A variable is made up of a series of bits and with this knowledge we can assign each layer a single bit. We can combine multiple bits to create an integer that represents each layer that we want that object to be able to collide with. When the collision manager is processing the objects it will look at the layer mask each object is assigned and check what layer the object that it is potentially colliding with is on. Although we haven't reduced the number comparisons that are being processed that frame, we have limited the number of times the potentially expensive (computationally resource intensive) collision algorithms will be executed.

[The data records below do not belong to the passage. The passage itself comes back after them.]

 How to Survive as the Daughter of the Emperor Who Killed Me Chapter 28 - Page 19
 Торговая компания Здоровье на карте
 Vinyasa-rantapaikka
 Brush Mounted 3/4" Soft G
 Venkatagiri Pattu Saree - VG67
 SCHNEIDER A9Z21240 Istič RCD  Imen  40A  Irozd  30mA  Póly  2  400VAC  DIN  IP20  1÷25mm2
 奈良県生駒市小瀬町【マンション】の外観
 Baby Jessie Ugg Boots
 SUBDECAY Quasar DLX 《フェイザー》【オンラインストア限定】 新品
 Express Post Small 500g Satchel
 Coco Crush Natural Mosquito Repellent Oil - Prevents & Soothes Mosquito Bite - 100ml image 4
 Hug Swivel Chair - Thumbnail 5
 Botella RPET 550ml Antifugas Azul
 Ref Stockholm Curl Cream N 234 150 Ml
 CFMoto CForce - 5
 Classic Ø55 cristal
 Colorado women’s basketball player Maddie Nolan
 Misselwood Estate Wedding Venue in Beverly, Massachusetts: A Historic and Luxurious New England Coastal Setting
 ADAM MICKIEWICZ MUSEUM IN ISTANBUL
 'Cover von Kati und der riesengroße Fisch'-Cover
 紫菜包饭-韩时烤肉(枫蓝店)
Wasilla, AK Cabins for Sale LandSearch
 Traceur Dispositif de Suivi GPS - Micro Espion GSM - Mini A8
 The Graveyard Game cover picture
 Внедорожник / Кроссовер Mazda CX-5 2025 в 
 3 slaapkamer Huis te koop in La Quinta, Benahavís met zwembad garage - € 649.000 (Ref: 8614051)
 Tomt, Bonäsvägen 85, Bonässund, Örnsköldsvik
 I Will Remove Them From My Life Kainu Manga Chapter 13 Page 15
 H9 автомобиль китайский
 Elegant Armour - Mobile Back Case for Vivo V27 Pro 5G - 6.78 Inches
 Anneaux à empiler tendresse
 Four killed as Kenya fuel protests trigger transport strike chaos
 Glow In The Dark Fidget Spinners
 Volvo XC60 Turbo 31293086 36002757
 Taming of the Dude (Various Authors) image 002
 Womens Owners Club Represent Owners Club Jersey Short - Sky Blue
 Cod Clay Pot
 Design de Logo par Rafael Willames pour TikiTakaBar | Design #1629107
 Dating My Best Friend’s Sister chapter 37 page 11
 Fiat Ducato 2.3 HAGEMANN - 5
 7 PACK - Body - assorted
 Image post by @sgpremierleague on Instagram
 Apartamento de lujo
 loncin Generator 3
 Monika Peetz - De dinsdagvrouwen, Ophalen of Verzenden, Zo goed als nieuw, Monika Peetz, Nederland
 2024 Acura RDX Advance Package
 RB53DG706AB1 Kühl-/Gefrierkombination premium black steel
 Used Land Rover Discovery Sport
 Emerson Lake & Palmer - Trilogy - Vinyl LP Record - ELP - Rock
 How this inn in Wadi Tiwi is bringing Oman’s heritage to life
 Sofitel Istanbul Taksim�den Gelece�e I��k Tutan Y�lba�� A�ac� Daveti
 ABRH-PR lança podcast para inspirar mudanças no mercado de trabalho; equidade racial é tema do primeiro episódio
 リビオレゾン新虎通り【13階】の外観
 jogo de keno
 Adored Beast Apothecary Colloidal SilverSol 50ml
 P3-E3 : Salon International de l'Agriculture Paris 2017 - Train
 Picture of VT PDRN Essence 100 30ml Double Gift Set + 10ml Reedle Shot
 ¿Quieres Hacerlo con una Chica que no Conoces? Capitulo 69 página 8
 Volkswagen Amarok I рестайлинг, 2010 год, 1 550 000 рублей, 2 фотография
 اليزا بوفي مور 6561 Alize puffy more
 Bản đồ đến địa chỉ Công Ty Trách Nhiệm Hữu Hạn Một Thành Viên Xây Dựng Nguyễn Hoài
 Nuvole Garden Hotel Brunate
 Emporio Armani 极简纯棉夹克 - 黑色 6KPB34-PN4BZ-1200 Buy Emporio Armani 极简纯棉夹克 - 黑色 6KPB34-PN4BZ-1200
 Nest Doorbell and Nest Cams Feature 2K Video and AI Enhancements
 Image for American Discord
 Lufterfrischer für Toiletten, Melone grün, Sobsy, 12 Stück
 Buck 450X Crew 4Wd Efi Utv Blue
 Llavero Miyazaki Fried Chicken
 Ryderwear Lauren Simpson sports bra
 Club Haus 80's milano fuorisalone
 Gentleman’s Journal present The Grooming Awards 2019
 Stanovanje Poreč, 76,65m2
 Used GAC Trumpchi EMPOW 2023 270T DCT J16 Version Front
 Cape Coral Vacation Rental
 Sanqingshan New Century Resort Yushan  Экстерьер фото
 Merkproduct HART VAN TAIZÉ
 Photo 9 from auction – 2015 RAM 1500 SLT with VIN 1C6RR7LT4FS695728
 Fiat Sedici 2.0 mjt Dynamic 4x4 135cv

Avoid Square Root In Distance Check

This is just a small note about distance checking for circle/sphere collision that is applicable to any sort of distance check, but something that I never considered until my 3D Geometry (Linear Algebra) class this past quarter was to square the number that I was checking the distance against. The distance formula is the square root of the sum of all the coordinate values of the position (XYZ). The issue is that calculating the square root is very expensive and shouldn't be done repeatedly often. Let's say we wanted to see if the distance of Point A from the origin is within 5 units. Instead of doing the square root of the sum of the squares, what we can do is square 5 (which is 25) and see if the sum of the square of the points is less than 25. The result would be the same as applying the square root and checking if it is less than 5.